Ricordo. Quel 25 aprile del "patriota Silvio" diede anche la sensazione, per la prima volta, del rilancio di un centrodestra tornato unito. Lo fu?
«Anche, ma il significato era storicamente più ampio. Col senno di poi, mi sbagliavo, perché poco dopo tornò a prevalere l'ideologia comunista. E oggi è peggio, se vogliamo. Oggi l'Anpi, partigiani che non hanno fatto la guerra, vive un riflesso pavloviano di imperialismo sovietico. Chi sta con Putin, oggi, lo immagina al comando di una fila di tank sovietici nel '56 o nel '68; e si ritorna con la memoria alle invasioni dell'Ungheria o Cecoslovacchia. E a me questo evoca eroi alla Jan Palach, lo studente che si diede fuoco per scuotere le coscienze contro il regime di Mosca».

Ma non trova che, in questo giorno della Liberazione, mescolando la guerra d'Ucraina attuale con la nostra di 77 anni fa, si siano esacerbati ancora di più gli animi, infiammate le ideologie (quelle rimaste), incasinata di più la politica?
«Un po' sì. Anche perché è vero: oggi se la prendono con gli americani e gli ucraini. Ed è la cosa più sbagliata paragonare il nostro 25 aprile che riguardava una guerra civile, con i giorni di guerra di una nazione invasa dall'esterno, dai carrarmati russi. Però, prima, guardi, se l'erano presa con la Brigata Ebraica. E prima ancora con i partigiani bianchi di estrazione cattolica che, trucidati per la libertà, diedero un contributo essenziale - seppur sottovalutato - alla liberazione».

In tutta coscienza, ma voi a destra non vi sentite di aver alimentato, negli anni, questa contrapposizione ideologica?
«Per niente. Ricordo che, ai tempi dell'Msi, agli esordi della "Destra nazionale", quando il partito aprì ai partigiani bianchi, ai liberali, agli ex Dc, Mirko Tremaglia riuscì a fare festeggiare i 25 aprile commemorando sia i militari che avevano combattuto col re contro i tedeschi, sia le ex milizie della Repubblica Sociale. Me lo ricordo perché c'ero: stavano tutti lì, ex badogliani ed ex repubblichini ciascuno nella rispettiva divisa, quelli che avevano combattuto per la libertà dell'Italia e un 25 di pace e di superamento ideologico».

Un esperimento sociale lodevole.
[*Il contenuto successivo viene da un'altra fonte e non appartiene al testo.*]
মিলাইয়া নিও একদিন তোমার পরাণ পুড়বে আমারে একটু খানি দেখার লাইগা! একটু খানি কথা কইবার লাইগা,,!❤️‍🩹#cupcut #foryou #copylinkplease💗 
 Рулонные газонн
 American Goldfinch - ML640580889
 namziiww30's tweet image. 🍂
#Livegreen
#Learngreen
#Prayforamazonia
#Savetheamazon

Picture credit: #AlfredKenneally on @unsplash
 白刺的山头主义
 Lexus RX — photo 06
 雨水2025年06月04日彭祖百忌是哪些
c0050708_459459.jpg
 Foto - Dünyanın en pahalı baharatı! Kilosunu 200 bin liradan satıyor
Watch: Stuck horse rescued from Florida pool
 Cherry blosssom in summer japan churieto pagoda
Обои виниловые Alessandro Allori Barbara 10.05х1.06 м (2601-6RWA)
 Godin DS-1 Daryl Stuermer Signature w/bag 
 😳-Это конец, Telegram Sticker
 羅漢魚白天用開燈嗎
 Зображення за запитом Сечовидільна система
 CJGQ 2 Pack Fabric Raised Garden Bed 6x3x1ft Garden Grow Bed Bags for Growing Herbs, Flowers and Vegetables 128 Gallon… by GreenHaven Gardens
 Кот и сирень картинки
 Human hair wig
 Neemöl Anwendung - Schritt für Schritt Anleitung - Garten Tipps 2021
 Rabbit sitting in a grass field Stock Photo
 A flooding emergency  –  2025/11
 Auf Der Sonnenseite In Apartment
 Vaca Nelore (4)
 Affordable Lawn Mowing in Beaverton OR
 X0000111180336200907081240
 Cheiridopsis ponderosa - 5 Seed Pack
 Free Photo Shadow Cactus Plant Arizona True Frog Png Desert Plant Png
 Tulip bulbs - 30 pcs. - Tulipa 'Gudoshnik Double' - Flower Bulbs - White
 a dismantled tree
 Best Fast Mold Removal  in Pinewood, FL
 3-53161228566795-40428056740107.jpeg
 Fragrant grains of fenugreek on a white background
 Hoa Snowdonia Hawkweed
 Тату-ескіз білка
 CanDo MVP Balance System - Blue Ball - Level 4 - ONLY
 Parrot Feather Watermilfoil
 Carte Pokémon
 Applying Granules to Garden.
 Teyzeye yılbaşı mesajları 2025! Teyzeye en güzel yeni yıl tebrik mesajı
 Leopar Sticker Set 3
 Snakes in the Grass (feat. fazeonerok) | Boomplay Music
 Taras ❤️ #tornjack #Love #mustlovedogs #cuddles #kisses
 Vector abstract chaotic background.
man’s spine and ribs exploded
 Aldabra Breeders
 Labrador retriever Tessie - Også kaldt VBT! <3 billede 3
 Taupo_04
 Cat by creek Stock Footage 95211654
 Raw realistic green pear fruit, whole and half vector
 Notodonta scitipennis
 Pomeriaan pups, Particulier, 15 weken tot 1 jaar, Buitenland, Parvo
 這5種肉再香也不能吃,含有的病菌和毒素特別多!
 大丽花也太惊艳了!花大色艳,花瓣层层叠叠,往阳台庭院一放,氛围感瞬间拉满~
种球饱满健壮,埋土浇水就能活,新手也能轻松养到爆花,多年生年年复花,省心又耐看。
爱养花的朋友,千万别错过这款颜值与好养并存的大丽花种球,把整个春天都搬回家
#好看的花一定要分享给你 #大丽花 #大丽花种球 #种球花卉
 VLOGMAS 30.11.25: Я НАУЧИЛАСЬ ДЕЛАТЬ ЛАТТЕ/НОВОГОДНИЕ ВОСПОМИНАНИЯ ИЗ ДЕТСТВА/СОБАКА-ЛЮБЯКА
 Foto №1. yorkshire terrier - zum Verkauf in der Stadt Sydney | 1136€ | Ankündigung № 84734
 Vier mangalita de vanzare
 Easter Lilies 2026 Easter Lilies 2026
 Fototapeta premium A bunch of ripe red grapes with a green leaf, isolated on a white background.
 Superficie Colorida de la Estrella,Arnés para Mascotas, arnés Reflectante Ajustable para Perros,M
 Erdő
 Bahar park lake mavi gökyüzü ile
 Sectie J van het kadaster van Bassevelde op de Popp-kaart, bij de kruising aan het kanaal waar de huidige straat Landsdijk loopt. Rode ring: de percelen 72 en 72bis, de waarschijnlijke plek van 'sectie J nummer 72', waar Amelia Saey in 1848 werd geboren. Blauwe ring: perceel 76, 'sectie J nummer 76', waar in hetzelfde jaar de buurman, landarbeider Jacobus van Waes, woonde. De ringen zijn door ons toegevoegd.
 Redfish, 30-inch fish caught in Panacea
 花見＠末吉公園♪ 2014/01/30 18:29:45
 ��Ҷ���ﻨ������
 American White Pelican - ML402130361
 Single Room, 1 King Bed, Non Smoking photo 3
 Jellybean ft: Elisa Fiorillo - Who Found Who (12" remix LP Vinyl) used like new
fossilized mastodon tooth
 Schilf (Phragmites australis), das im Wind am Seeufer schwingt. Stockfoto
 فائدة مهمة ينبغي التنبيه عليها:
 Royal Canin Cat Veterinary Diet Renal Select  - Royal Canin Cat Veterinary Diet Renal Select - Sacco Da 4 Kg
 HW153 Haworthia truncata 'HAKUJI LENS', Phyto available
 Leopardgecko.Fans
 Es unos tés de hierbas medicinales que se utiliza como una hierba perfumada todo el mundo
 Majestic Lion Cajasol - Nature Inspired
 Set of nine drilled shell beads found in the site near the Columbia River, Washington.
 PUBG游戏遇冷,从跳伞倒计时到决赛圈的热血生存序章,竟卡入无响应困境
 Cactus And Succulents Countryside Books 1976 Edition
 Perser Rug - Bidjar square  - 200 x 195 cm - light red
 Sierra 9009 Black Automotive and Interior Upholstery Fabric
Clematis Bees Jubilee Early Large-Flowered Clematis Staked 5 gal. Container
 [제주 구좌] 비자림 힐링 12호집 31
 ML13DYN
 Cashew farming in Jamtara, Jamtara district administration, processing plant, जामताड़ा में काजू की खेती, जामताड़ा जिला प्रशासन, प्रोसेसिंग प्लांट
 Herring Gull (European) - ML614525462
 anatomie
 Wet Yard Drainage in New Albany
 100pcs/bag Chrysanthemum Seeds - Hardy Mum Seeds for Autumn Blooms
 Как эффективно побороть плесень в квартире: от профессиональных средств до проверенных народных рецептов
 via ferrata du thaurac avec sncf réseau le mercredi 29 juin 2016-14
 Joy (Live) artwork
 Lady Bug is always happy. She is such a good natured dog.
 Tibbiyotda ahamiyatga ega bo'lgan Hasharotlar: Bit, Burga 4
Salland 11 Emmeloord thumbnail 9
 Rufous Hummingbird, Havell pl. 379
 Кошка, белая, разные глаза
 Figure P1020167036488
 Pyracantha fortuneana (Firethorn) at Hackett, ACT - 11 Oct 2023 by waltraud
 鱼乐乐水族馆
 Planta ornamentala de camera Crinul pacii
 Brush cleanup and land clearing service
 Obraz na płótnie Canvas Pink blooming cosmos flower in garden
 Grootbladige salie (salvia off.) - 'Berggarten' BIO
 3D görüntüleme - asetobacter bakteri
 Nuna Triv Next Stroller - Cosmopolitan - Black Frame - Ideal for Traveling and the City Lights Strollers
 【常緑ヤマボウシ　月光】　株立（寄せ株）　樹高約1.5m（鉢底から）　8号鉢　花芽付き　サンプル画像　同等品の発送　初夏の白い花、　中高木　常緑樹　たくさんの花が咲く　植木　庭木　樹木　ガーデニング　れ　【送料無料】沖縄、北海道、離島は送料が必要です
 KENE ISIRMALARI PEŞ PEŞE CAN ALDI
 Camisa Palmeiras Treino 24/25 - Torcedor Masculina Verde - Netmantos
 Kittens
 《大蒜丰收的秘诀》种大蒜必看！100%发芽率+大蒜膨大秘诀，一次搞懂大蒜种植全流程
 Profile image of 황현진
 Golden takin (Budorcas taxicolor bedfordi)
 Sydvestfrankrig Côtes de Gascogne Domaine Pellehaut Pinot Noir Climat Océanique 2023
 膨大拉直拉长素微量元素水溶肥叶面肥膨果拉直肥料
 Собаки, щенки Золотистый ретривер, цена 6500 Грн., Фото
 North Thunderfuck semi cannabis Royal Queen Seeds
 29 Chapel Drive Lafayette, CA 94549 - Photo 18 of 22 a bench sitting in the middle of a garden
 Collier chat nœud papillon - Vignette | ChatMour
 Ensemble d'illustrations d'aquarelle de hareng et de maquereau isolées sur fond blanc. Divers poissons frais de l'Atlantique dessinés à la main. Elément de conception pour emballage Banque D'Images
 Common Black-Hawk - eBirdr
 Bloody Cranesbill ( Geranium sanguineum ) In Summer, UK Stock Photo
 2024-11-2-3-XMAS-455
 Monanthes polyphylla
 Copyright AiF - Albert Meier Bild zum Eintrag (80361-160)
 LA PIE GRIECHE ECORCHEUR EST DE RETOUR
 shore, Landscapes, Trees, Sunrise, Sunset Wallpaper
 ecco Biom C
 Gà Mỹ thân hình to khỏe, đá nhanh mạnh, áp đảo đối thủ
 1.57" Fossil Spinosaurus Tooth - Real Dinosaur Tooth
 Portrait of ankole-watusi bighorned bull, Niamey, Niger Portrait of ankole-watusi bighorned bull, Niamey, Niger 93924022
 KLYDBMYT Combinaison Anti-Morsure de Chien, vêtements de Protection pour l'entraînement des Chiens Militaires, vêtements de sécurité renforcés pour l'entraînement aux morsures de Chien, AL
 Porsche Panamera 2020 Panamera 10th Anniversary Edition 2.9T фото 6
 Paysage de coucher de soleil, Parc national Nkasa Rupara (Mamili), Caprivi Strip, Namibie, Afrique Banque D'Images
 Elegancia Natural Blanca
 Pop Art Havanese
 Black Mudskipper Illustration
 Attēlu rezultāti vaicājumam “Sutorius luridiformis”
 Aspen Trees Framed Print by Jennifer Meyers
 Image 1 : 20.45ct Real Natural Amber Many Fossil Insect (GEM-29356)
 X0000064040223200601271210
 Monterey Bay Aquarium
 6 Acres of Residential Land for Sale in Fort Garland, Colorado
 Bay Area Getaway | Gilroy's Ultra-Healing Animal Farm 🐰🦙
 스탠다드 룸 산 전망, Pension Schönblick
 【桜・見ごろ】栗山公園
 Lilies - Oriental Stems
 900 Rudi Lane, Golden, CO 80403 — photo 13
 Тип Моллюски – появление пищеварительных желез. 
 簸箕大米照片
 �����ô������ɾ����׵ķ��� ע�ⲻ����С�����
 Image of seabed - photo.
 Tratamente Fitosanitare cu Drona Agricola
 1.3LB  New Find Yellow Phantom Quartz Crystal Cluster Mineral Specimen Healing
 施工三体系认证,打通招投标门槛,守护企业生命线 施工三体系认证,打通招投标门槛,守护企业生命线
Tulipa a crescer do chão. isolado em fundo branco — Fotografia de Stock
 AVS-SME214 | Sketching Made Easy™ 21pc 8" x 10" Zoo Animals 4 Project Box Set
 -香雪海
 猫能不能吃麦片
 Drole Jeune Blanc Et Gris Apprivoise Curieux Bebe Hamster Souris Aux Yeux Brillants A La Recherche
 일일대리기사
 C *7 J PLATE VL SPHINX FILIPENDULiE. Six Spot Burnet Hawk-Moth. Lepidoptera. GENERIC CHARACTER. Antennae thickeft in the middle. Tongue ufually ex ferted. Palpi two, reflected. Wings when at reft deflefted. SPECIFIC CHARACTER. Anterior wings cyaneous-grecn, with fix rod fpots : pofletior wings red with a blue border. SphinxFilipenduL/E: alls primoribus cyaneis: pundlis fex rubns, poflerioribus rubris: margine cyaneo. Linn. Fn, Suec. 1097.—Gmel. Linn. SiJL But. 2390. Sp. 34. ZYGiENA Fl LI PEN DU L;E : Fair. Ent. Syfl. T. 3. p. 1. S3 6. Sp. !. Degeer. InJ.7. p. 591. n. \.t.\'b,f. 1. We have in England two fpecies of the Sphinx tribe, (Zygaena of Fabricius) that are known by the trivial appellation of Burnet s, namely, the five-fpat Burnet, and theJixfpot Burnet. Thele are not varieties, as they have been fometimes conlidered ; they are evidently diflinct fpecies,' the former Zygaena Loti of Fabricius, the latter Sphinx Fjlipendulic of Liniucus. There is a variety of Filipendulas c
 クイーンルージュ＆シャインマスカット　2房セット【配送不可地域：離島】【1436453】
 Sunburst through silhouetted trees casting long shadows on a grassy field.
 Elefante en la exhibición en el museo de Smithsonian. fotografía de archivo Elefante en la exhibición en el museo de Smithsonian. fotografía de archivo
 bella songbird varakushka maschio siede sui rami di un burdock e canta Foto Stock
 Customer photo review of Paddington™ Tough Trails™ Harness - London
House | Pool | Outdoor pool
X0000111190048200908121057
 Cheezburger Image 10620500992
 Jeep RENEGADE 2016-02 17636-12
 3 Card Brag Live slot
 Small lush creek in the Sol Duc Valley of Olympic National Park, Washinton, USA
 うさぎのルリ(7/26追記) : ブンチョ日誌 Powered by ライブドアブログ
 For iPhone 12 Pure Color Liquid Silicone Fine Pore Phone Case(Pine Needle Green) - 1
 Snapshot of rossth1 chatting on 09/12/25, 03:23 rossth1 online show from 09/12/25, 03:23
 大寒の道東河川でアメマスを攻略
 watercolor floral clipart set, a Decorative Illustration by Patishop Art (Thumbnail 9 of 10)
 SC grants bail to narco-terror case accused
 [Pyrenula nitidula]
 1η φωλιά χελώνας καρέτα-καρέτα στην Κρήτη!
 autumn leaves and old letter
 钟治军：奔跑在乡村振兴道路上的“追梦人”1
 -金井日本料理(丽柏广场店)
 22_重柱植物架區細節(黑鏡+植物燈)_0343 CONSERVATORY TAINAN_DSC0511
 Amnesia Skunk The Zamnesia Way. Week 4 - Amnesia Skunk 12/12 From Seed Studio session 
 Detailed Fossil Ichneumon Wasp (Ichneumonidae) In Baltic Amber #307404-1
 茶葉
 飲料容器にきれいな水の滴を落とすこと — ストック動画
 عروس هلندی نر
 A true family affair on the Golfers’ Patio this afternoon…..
Ma perchè non continuò?
«Perché, negli anni, via via, morivano per vecchiaia, divennero troppo pochi per farli incontrare. Eppure tentativi di superare la dicotomia li abbiamo sempre fatti. Specie Tremaglia. Che era uso a cose del genere, ricordo un 1° maggio festeggiato con gli operai di destra...».

 

 

Cosa pensa di Mattarella che ha evocato "Bella Ciao" assieme all'invasione dell'Ucraina?
«Mattarella, di cui sono amico e a cui do da anni del tu, appartiene alla salda tradizione dei democristiani di sinistra. Ma sbaglia a paragonare la nostra resistenza con quella degli ucraini. Sono due cose diverse, come dicevo. Bella ciao mi viene spesso da fischiettarla involontariamente; è diventato un vero e proprio successo pop, da quando si è sentita nella serie La casa di carta»

Mentre infuriava il 25 aprile, lei guardava partite di calcio inglesi. Le risulta?
«Sì. Sono trasmesse con la scritta sovrimpressa "No Invasion", da noi Sky le manda in onda con la scritta "Peace". Noi dovremmo imitare gli inglesi: fine della guerra sì, ma non resa. E, a proposito di sport: trovo assurdo che si espellano gli atleti russi che non hanno neppure espresso un'opinione. Sarà che io per istinto sono contro ogni forma di censura del pensiero; ma arrivare a punire un'opinione comunque non espressa, be', questo è davvero troppo...».